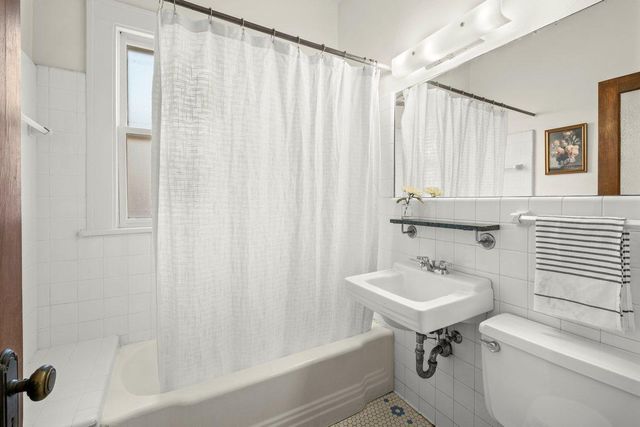 2408 Fremont Avenue S, Minneapolis, MN 55405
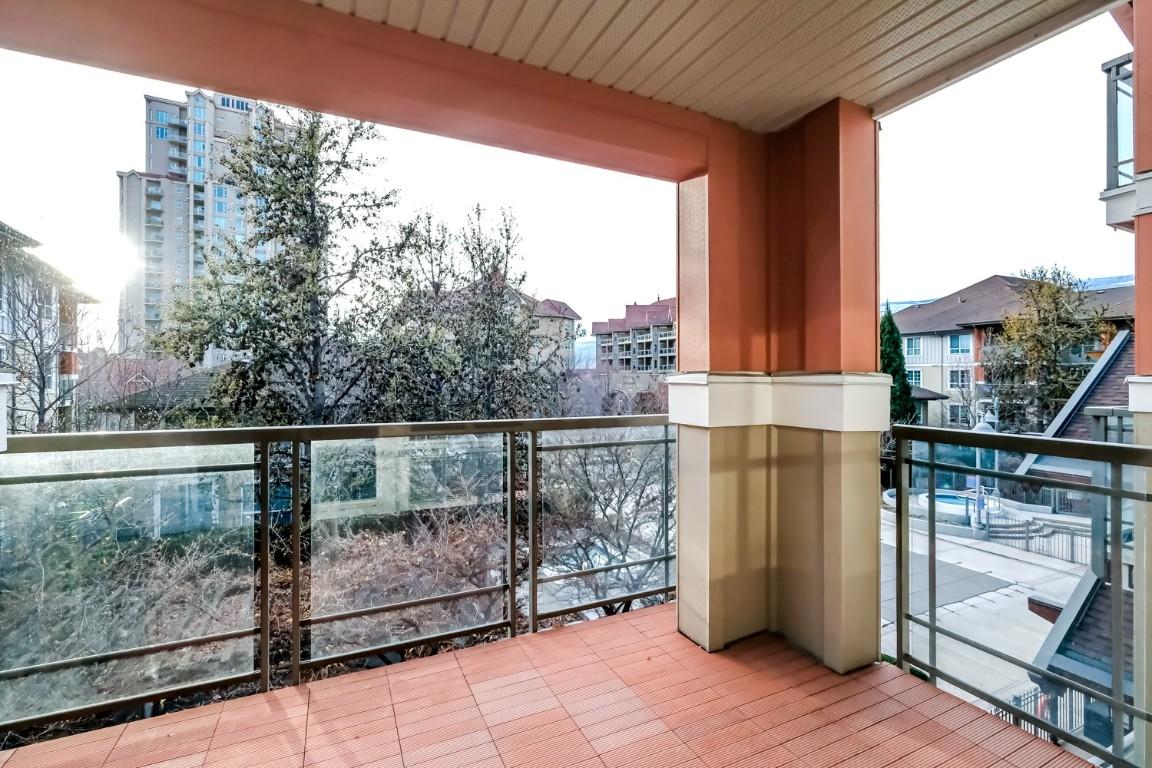 334-1099 Sunset Drive, Kelowna, BC - Outdoor With Exterior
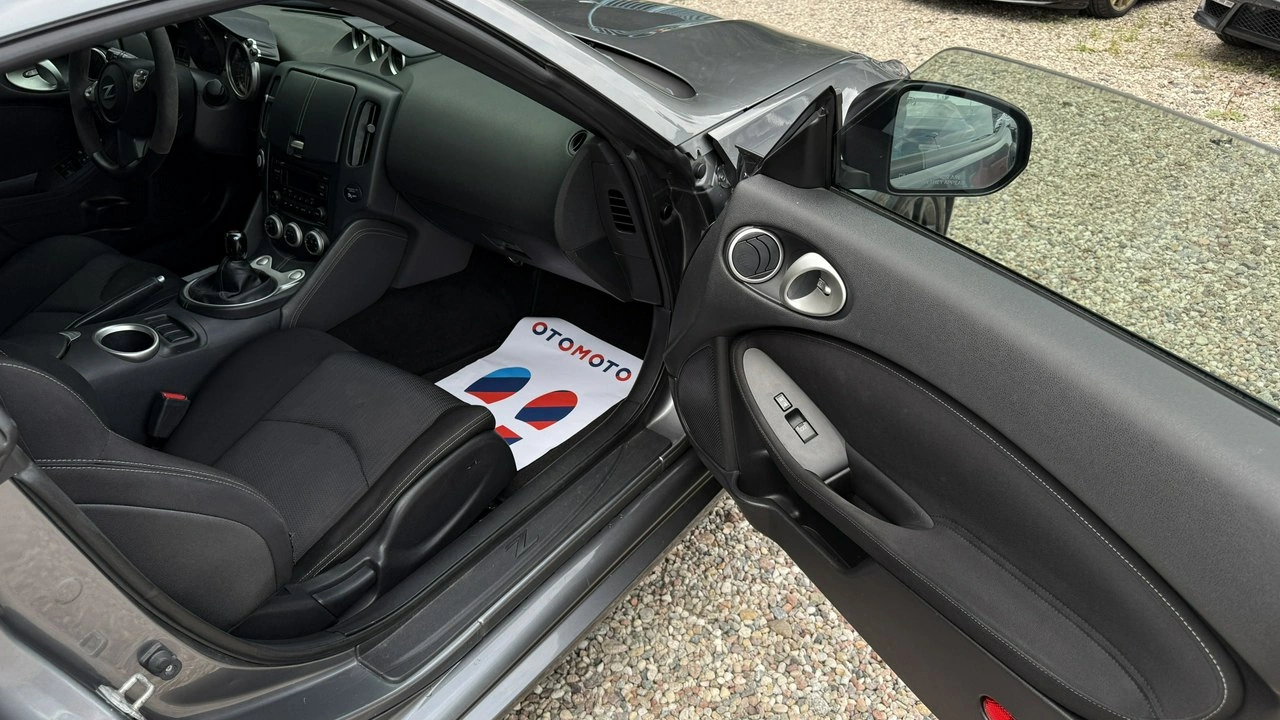 Nissan 370 Z - Zdjęcie 18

--- Exercise brief ---
Copy every line of the data exactly as written, excluding the pictures.

--- Worked solution ---
 2408 Fremont Avenue S, Minneapolis, MN 55405
 334-1099 Sunset Drive, Kelowna, BC - Outdoor With Exterior
 Nissan 370 Z - Zdjęcie 18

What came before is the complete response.